Все это сказано к тому, что писать о Домбровском трудно: он еще и не собран, и не изучен, и даже не издан. Так, лишь в 1988 состоялась первая поэтическая публикация из архива Домбровского, а между тем едва ли хоть кто-либо из слышавших его стихи в авторском исполнении способен их позабыть.

Но умолчать о Домбровском в истории новейшей русской литературы нельзя, и не только оттого, что без «Хранителя древностей» и «Факультета ненужных вещей» в ней образовалась бы невосполнимая лакуна. Юрий Домбровский — один из лучших примеров сопротивления писательского духа плоти политической и социальной реальности, в каком бы виде ни являлась она духу, — в виде страха, соблазна, изнеможения, энтузиазма или философской резиньяции. Сопротивления тем более замечательного, что другой реальности, кроме советской, ленинско-сталинской, Домбровский, в отличие от, скажем, Мандельштама и Ахматовой, не знал. Это не значит, что во всем его наследии нет ни единой фальшивой ноты, — такие ноты неизбежно пробивались у всех, кто жил и писал в одно время с Домбровским (не исключая, кстати, ни Ахматовой, ни Мандельштама); но этическая и художественная однородность обоих романов, т.е. «Хранителя» и «Факультета», из которых первый предназначался для печати, а второй явным образом писался «в стол», поразительна, она свидетельствует о редкой (чтобы не сказать «редчайшей») твердости, неизменности авторской позиции.
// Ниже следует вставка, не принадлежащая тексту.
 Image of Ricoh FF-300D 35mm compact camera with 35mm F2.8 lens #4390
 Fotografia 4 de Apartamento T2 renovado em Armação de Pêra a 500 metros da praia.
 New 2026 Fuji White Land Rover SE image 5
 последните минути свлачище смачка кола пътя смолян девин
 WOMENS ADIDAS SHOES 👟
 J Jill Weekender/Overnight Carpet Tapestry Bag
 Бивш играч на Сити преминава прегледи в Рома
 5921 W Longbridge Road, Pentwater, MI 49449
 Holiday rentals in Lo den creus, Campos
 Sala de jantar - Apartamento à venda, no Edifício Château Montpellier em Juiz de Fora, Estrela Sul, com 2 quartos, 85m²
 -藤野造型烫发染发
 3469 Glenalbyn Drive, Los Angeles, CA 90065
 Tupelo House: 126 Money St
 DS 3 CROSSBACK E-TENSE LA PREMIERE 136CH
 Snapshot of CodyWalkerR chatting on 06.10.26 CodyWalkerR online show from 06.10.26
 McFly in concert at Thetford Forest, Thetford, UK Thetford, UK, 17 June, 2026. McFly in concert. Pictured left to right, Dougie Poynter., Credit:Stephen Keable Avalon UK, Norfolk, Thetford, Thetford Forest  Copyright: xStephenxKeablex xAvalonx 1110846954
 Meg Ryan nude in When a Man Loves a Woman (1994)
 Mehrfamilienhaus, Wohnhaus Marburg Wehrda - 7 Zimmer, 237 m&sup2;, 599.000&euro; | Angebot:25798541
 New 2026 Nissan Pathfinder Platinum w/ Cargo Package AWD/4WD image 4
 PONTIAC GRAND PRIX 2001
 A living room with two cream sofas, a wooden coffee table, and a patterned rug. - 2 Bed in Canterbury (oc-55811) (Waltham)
Об этой позиции и пойдет, по преимуществу, речь в настоящем очерке.

 

Домбровский родился и умер в Москве, но дилогия об «историке по Риму» (ФН, 11125 ) Георгии Николаевиче Зыбине местом действия имеет Казахстан, Алма-Ату. Этот город Домбровский прекрасно знал и любил, хотя попал туда далеко не по доброй воле: в 1932 году26  он был сослан в столицу Казахстана на три года, которые растянулись на без малого тридцать, с двумя многолетними перерывами — лагерными перерывами (Колыма: 1939–1943 и Тайшет: 1949–195527 ). Тридцать без малого лет ссылки и лагеря — вполне достаточное объяснение небольшого объема творческого наследия Юрия Домбровского. Впрочем, писать он не переставал никогда: кроме стихов, разнообразных, в том числе критических и литературоведческих, статей, а также переводов, были созданы еще два романа и цикл из трех повестей. Первым по времени был неоконченный роман (повесть, по авторскому определению) «Державин» (1939), не столько беллетризованная биография, сколько попытка осмыслить судьбу и место поэта в тисках жизни. Вторым — роман «Обезьяна приходит за своим черепом» (1943–1958), остросюжетное повествование на материале нацистской оккупации Западной Европы и «холодной войны», писавшееся или хотя бы обдумывавшееся отчасти (как видно из дат) и в лагерные годы. При совпадении с казенной идеологией в деталях (герои-коммунисты, мечты о «светлом будущем» типа Города Солнца à la Томмазо Кампанелла и т. п.), совершенно очевидно, что главное в замысле — это насилие Государства над личностью, государственной Идеи — над истиной, грубой силы («дубины») — над культурой. Иначе говоря, персональный и социальный опыт ссыльного, каторжника формирует творческую биографию писателя. Цикл малых повестей (автор назвал их, в конечном счете, новеллами) «Смуглая леди. Три новеллы о Шекспире» был напечатан в 1969-м и, вероятно (точных сведений пока нет), складывался параллельно с работой над «Факультетом». Домбровский возвратился к проблематике первого своего романа — к судьбе художника, и в участи Шекспира нам видятся отблески того, что пережил и перечувствовал русский писатель: чужая великая биография как бы «примеривается» на свою. (Вот, скажем: «…Огромная и пристальная ясность и беспощадность его существования…»28 — здесь каждое слово приложимо к «существованию» Юрия Домбровского.)29

Такая своеобразная, косвенная автобиографичность станет прямою и непосредственною в дилогии о Зыбине. В предварении к новомирской публикации «Факультета» Фазиль Искандер сообщает: «Юрий Домбровский часто повторял: я решил ничего не выдумывать: я решил описать то, что знаю лучше всех… я решил описать свою жизнь… никто ее не знает лучше меня…»30 .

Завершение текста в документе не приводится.